L’ambiance est posée dès les premières pages : des putes, de la dope et des perversions sexuelles. Mais, fort heureusement, Janvier noir sait éviter l’écueil d’un excès de noirceur. Aucune violence parodique, satanique pour en venir enfin à mon deuxième reproche. Cette piste et son fatras habituel (frustrations adolescentes, Alistair Crowmley et autre pentagrammes) sont esquissés sans être, heureusement une fois de plus, véritablement explorés. Deux ajouts d’autant plus visible que Janvier noir est taillé à l’os.

Le polar à son meilleur me paraît toujours ancré dans un jeu de référence. Tout a déjà été dit, ou presque, sur la résolution d’une enquête. Sans jamais s’éloigner de son intrigue, assez tenue quoique – par convention habilement déjouée – toujours un rien trop proche du passé de Mc Coy, Janvier noir s’empare de tous les codes et sait ne pas vouloir à tout prix s’en démarquer. Multiplier les influences pour réfuter l’imitation. La plongée dans un passé dont la violence, la liberté face aux procédures en regard de l’enfer bureaucratique de l’actuel métier de flic, semble une tendance un rien trop présente dans le roman noir. Par ce prologue sur ce « Janvier noir » dont tous les flics continueront à parler, Parks met sa plongée dans les années 70 sous le patronage de David Peace.  À mon sens il parvient à se démarquer des automatismes de langages, des répétitions obsessives, de cette folie marquant l’œuvre de Peace.
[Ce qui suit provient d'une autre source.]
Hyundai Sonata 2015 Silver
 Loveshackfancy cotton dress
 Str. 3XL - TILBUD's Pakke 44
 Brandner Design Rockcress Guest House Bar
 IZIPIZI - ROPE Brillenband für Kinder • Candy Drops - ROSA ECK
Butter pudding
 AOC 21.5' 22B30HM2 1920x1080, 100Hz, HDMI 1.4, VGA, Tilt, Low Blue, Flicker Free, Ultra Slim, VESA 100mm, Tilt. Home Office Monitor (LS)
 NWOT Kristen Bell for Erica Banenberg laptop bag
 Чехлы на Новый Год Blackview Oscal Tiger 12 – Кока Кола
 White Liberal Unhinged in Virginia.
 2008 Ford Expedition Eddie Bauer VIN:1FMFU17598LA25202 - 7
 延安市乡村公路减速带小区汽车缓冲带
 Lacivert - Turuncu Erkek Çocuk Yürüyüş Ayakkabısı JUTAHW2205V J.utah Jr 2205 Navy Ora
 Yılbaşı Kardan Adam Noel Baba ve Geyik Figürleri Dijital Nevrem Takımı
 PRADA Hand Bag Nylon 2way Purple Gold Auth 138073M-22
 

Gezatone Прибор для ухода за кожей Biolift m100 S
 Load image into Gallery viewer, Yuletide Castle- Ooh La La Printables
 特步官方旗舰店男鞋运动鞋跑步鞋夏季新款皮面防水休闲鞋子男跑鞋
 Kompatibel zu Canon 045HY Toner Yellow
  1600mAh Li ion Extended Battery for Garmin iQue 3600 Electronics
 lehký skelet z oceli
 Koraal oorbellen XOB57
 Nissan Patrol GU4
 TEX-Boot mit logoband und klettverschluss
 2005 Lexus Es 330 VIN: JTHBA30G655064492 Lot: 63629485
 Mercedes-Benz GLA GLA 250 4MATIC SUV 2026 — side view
L’autre référence, il fallait une citation de Ian Rankin en quatrième de couverture pour la débusquer, est celle limpide à McIlvanney. On est parfois très proche de Laidlaw : la même façon de présenter Mc Coy sous les yeux d’un nouveau venu, le même attrait (un peu moins appuyé ici) pour la population locale, populaire dans son sens plein, drôle et pleine de belles réparties et le thème de l’homosexualité masculine que l’on ne s’attend pas à trouver ici. Janvier noir pourtant se dégage assez facilement de cette influence peut-être automatiquement décelée. Sa prose ne s’égare jamais sur les admirables digressions philosophiques de son modèle. Au fond, Alan Parks s’empare surtout des obligations du polar. Nous n’y lisons jamais que nos propres références. Ainsi, Mc Coy a une enfance difficile, des liens fraternels avec un truand qui rappelle le Cafferty de Ian Rankin. Qu’importe. Pour être éprouvée la structure marche parfaitement. On attend avec impatience la suite de ce qui est annoncé comme une série.

Pour aucunement gâcher l’immense plaisir de cette lecture, arrêtons-nous un instant sur une inscription historique dont l’aspect le plus intéressant reste les traces idéologiques. Sans aucun doute par un doute sur la posture même de l’auteur. Un certain voyeurisme à se pencher sur les classes populaires, à en glorifier leur misère vue de très loin.  La seule excuse semble la pertinence. Vue d’ici avec cet éloignement « exotique » qui m’empêche de lire trop de polars français, l’évocation de Parks paraît juste. Des marxistes qui causent du peuple dans des bars où aucun de ses membres pourraient se payer une pinte. Dans un décalage à la fois très contemporain et historiquement vérifié, Janvier noir offre, de la même façon, un regard dédoublé et distancié sur la prostitution. Mc Coy couche avec une pute camée, s’efforce de croire chaque cas unique et ne répondant donc pas à une exploitation globale. Il s’amourache d’une thésarde, une féministe saisie dans une ironie assez fine, dont la fascination pour les perversions n’est pas sans équivoque mais qui apporte un joli contre-point à l’attachement du roman noir pour les représentations les plus pittoresques de la domination. Sans s’attarder, Parks souligne que la prostitution est la forme la plus achevée du capitalisme. Sans doute.


Un immense merci aux éditions Rivages pour cet envoi.